Le président questionna Perlet sur ses entrevues avec Vitel, en mars 1807 et sur les causes de sa détention à Sainte-Pélagie, coïncidant exactement avec l’arrivée du jeune enseigne à Paris. Perlet répondit avec assez d’aplomb. Il essaya d’établir que, s’il avait été écroué, ce n’était nullement par feinte, mais à la requête d’un créancier : il était dans la misère, n’ayant pas de quoi nourrir sa femme et ses enfants. On lui objecta les avances considérables qu’il recevait de ses chefs et particulièrement de l’inspecteur général Veyrat ; on lui en présenta les quittances signées de sa main.
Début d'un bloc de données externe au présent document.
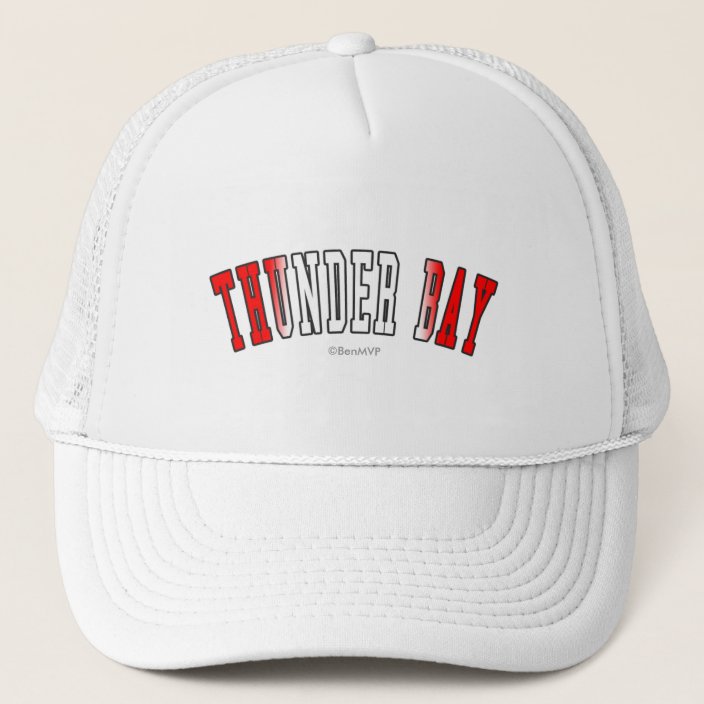 Thunder Bay in Canada National Flag Colors Hat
Il répliqua que Veyrat disposait, en effet, sur les fonds de la Police, de grosses sommes d’argent, mais qu’il les gardait pour lui et, afin de justifier l’emploi de ces fonds, obligeait ses subordonnés à signer des reçus de complaisance ; ils ne touchaient que de rares gratifications de famine et auraient été perdus, s’ils s’étaient permis de protester contre la rapacité de leur chef.

— Mais, dit le président, si les reçus que vous avez signés étaient seulement « de complaisance, » les auriez-vous rédigés de la sorte : — « Je n’ai pas de termes pour exprimer ma reconnaissance. .. ? »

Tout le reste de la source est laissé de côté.